--- DATA SECTION ---
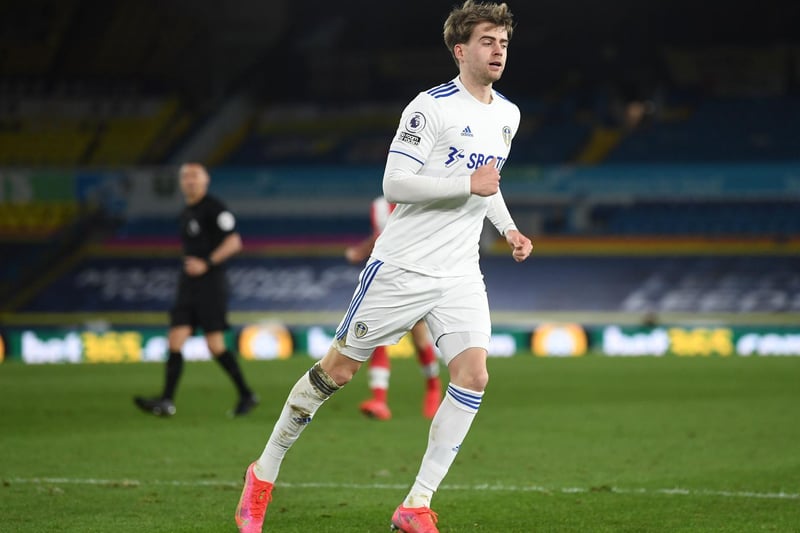 Sacrificed just before the interval as Bielsa brought on another centre-back in Struijk at City after Cooper's dismissal. But 14-goal Bamford is still eyeing 20 goals for the season and will hope to resume his progress against the Reds. Photo by Catherine Ivill/Getty Images.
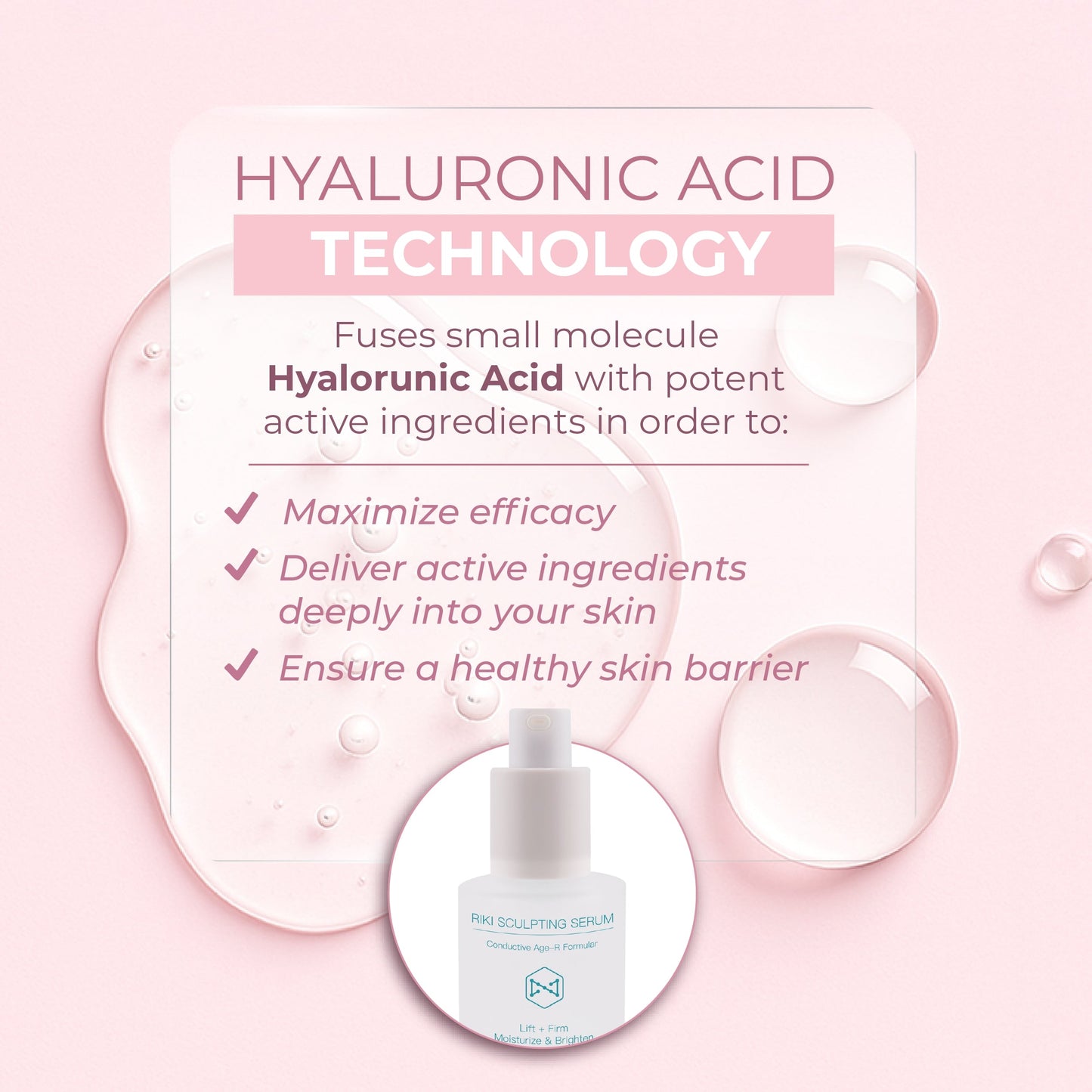 RIKI Sculpting Serum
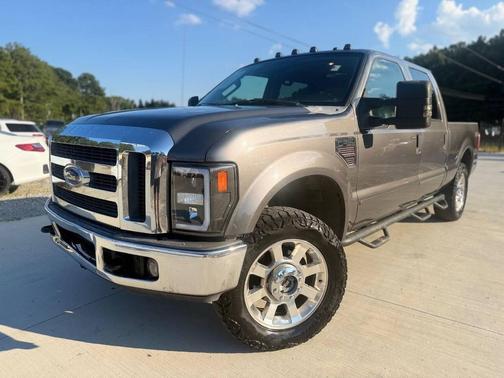 2008 Ford F-350 Lariat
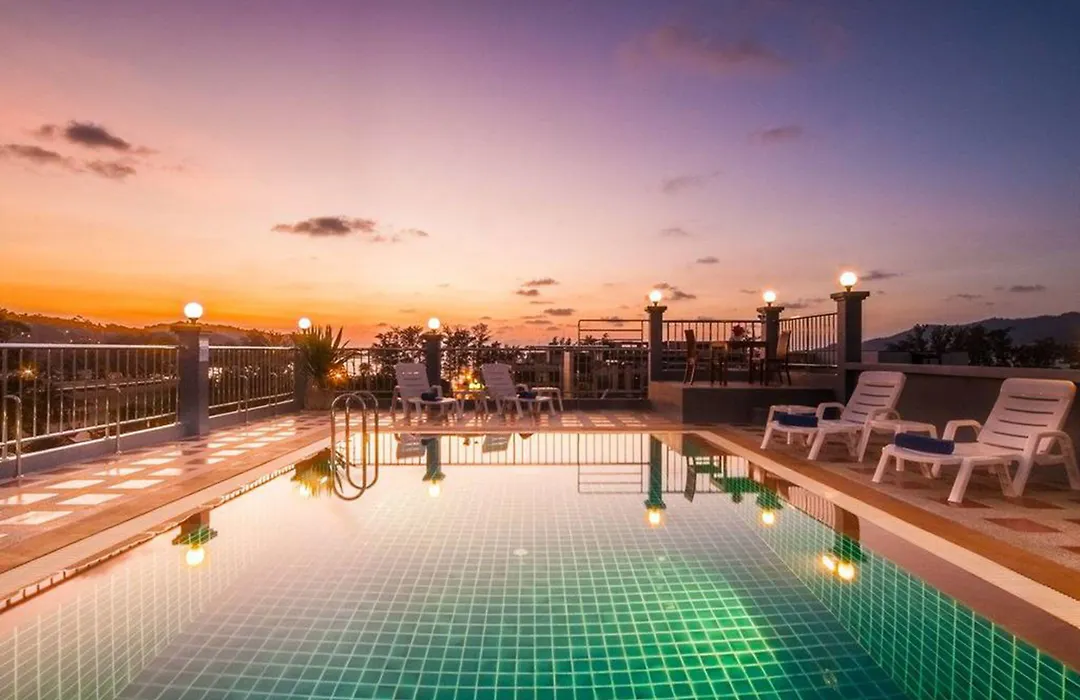 The Crystal Beach Hotel-1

--- EXERCISE OBJECTIVE ---
All pictures should be dropped; the lines from the one containing "RIKI Sculpting Serum" through the last line of the material are to be set down exactly.

--- REPLY ---
 RIKI Sculpting Serum
 2008 Ford F-350 Lariat
 The Crystal Beach Hotel-1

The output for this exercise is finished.